In the darkness of the early winter evening, there was light at a window, a movement of a curtain as a child pulled back one corner. Just tall enough to set its chin on the window sill, the child stared out into the December gloom. What thoughts passed through the child’s mind? What was being sought as the child stood intently gazing out into the night?
Perhaps one of those numerous Christmas films had been screened on the television, and the child hoped for a glimpse of Santa, early though it might have been. Or perhaps it was one of those American stories where the return of a loved one is awaited by a child, despite the adults having given up hope of seeing the person again, and the child behind the glass of the window hoped someone might appear at the front door. Or perhaps there was just a childlike fascination with the early evening darkness.
Darkness had an odd attraction during childhood years. Daylight was preferable for outdoor activities, it allowed for games of football in the meadow across the road and racing bicycles up and down the road, but darkness allowed space for the imagination.
If mists lay across the surrounding moorland, it was easy to imagine the hill on which we lived as an island in a mysterious sea. The Mendip Hills, with the 1,000 foot high BBC transmitter, became a distant shore. The village became altogether different when imagined as somewhere truly insular.
As welcome as the daylight always was, it told the prosaic truth about life in a tiny rural community, there was no reality that might be avoided, no mystery in the stuff of daily existence.

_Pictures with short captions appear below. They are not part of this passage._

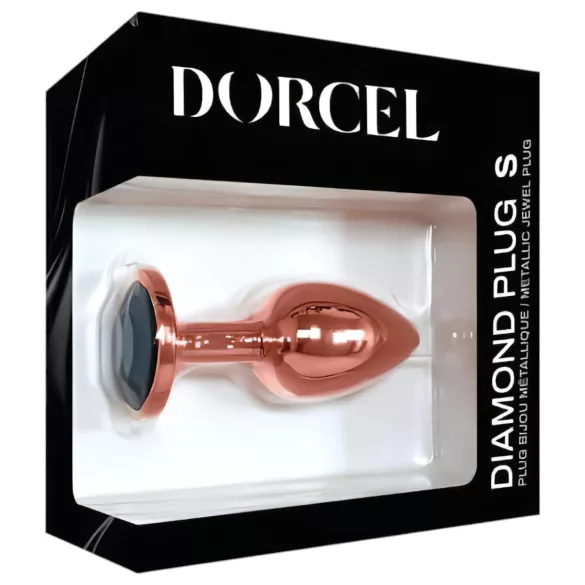 Dorcel Diamond Plug S - analplugg i aluminium - liten (roséguld)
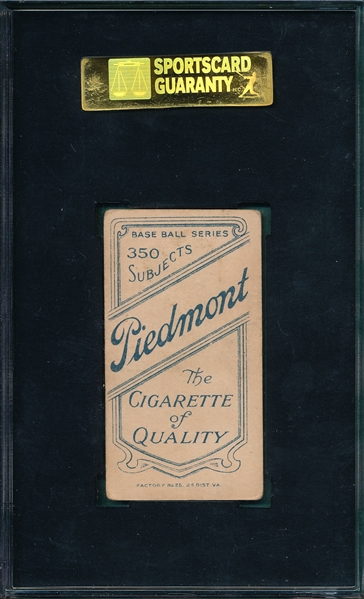 1909-1911 T206 Unglaub Piedmont Cigarettes SGC 50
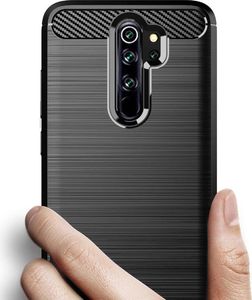 Hurtel Carbon Case elastyczne etui pokrowiec Xiaomi Redmi Note 8 Pro czarny uniwersalny 5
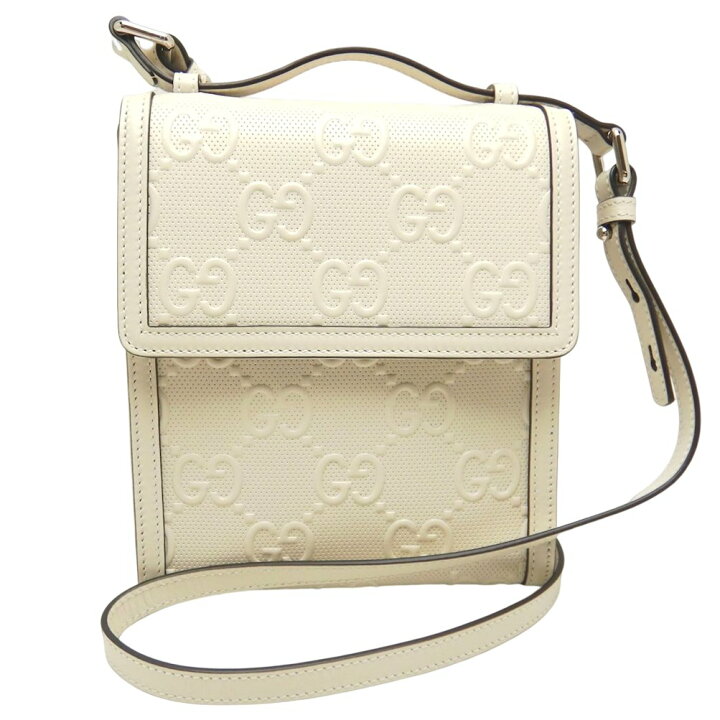 楽天市場】グッチ GUCCI 625782 メッセンジャーバッグ GGエンボス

When darkness fell, it was possible to stand at the bedroom window, with the electric light turned off to avoid any reflection, and to stare out into a landscape that became filled with possibilities. Long periods might be spent weaving stories and imagining scenes. The lights of vehicles travelling the road that climbed the gentle hill towards the village became not the cars of neighbours, or tractors heading home to farms, but the conveyances of strange and fascinating people. Shapes visible in the landscape became not houses or barns or farmyard buildings, but places occupied by by spies, or fugitives from foreign powers, or important people gathered for covert meetings.
There was no possibility that the darkness could have excluded, anything might be when nothing says it cannot be. The child standing, chin resting upon the window sill, might have been composing an entire adventure.